The consequences for SAIPOL would be irrevocable:

  • The production of rapeseed methyl ester could only reach 700,000 tonnes in 2018, as opposed to 1.3 million tonnes in 2017, or around 60% less activity;
  • Crushing units would also be impacted, processing a volume of 2.5 million tonnes of grain in 2018 as opposed to 3.5 million tonnes in 2017, or around a 1 million tonne reduction, implying around 30% less activity.

If no effective countermeasures are implemented, the French sector will not be able to deal with this unfair competition, particularly since:

  • EU antidumping duties on Indonesian biodiesel (palm oil) might also be reduced, thus removing any obstacle to the massive imports of biodiesel from Indonesia;
  • The growth in the European market of hydtrotreated vegetable oils (HVO) for the production of biodiesel is accelerating, favored by the development of less expensive palm oil imports and the imminent opening of an HVO biodiesel production site in La Mède (Bouches-du-Rhône);
  • In the context of plans to revise the European Directive on renewable energies (RED II), which should to be adopted by early 2018, the European Commission is expecting to halve the share of 1st generation biofuels used for transport between 2020 and 2030. That share would then be fixed at a maximum of 3.8% in 2030, while in France it reaches up to 8%.

In no case does this plan for recourse to part-time operation affect the determination of the AVRIL Group and its subsidiary SAIPOL to pursue the production of biodiesel, a renewable energy that contributes to energy transition and to preserving and developing this market for French oilseed production.

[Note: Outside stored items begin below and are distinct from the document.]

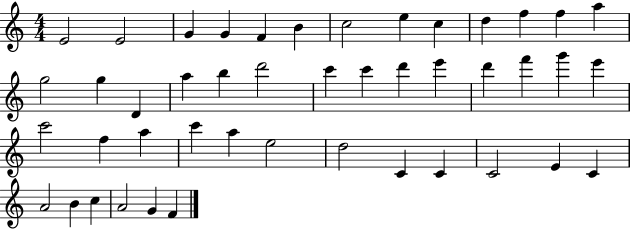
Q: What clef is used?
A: treble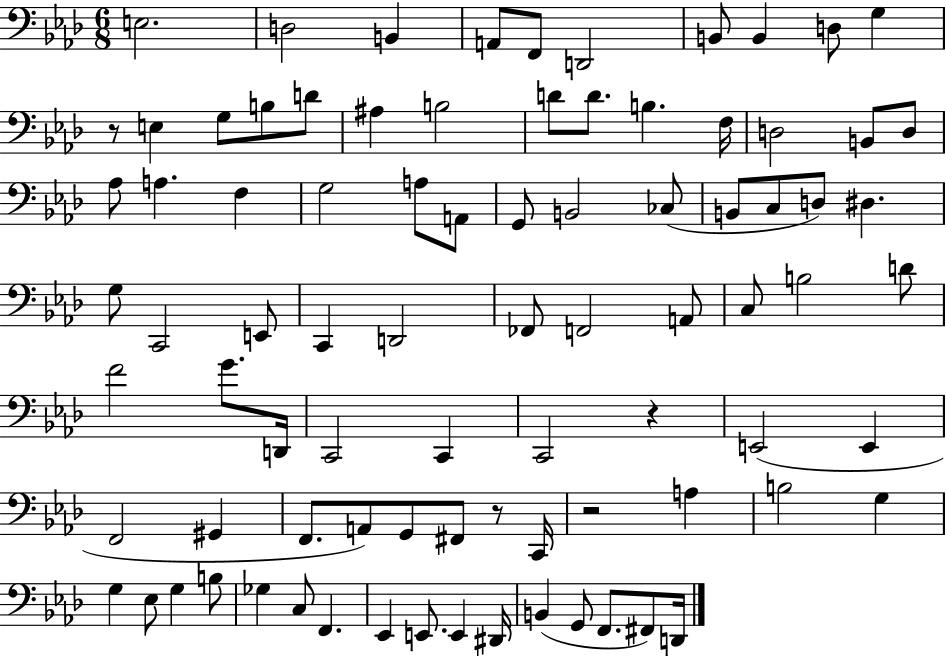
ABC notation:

X:1
T:Untitled
M:6/8
L:1/4
K:Ab
E,2 D,2 B,, A,,/2 F,,/2 D,,2 B,,/2 B,, D,/2 G, z/2 E, G,/2 B,/2 D/2 ^A, B,2 D/2 D/2 B, F,/4 D,2 B,,/2 D,/2 _A,/2 A, F, G,2 A,/2 A,,/2 G,,/2 B,,2 _C,/2 B,,/2 C,/2 D,/2 ^D, G,/2 C,,2 E,,/2 C,, D,,2 _F,,/2 F,,2 A,,/2 C,/2 B,2 D/2 F2 G/2 D,,/4 C,,2 C,, C,,2 z E,,2 E,, F,,2 ^G,, F,,/2 A,,/2 G,,/2 ^F,,/2 z/2 C,,/4 z2 A, B,2 G, G, _E,/2 G, B,/2 _G, C,/2 F,, _E,, E,,/2 E,, ^D,,/4 B,, G,,/2 F,,/2 ^F,,/2 D,,/4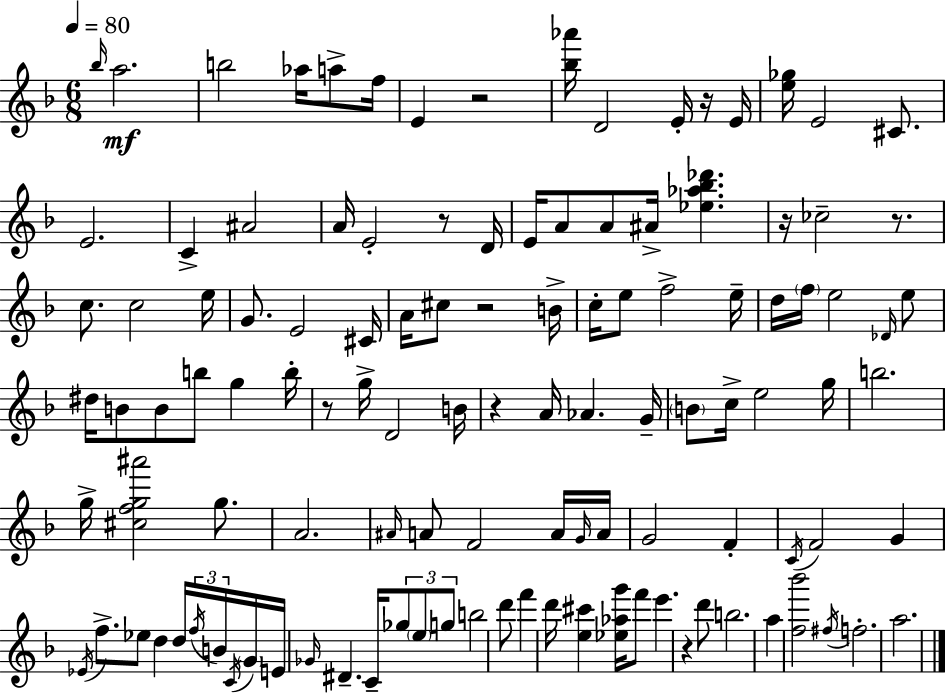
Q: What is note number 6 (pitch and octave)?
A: F5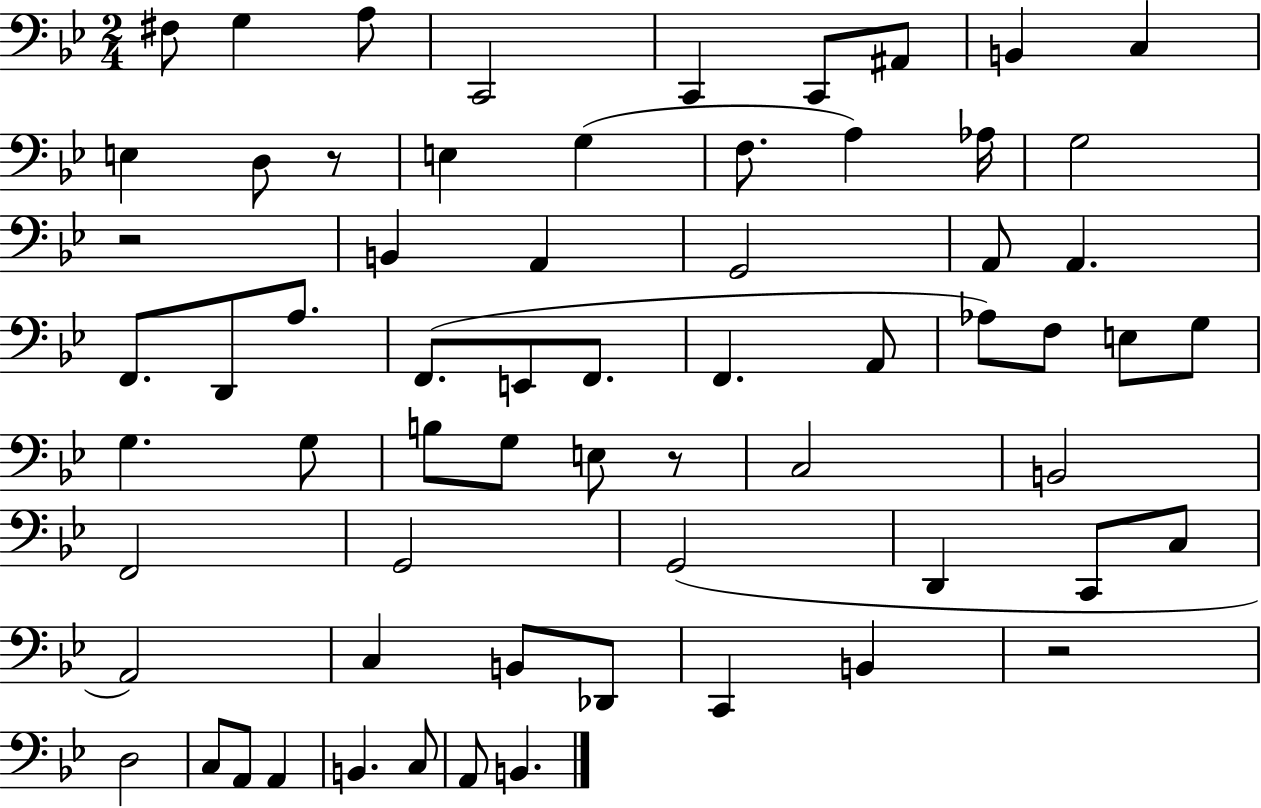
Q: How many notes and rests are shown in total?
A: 65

1 These duties are now between 4.5% and 8.1%, as opposed to the rates of 22% to 25.7% introduced in November 2013.
2 Argentina has introduced differential export duties on its biodiesel production ; the country applies a 27% tax rate on exports of soybean oil but of only 0.13% on those of the resulting ester, which is equivalent to a 26.87% subsidy for exports of this ester.

*** Press contact:
Tom Doron +33 (0)1 78 14 80 09 / +33 (0)6 26 28 39 94 tom.doron@groupeavril.com

About Saipol:
An AVRIL subsidiary, SAIPOL produces and sells in France refined vegetable oils for human foods, protein-rich oilseed meals for livestock feeds, biodiesel under its brand Diester® which is incorporated at a rate of 7-8% in the fuel for diesel vehicles in France, and vegetable glycerin which has numerous industrial applications.

About the Avril Group:
Avril is the industrial and finance actor of the French oilseeds and proteins sectors.
Set up in 1983 at the initiative of French farmers in order to assure long-term markets for French products, Avril has become a major industrial and financial group that is developing in France and internationally.
It is present in sectors as diverse as human foods, animal feeds and expertise, renewable energies and chemistry, and owns a portfolio of strong brands that are leaders in their markets: Diester®, Sanders, Lesieur, Puget, Matines, Bunica, Taous, etc.
In nearly 35 years, the Group has changed in size but its purpose has remained the same: to create sustainable value in the vegetable oils and proteins sector while contributing to better foods for humans and preservation of the planet.
To fulfil its mission, Avril draws strength from its industrial activities organized around plant production and livestock sectors, and from its financial arm which operates through Sofiprotéol, its finance and development company.
In 2016, the Avril Group achieved turnover worth €5.9 billion. It counts 7200 employees working in 21 countries.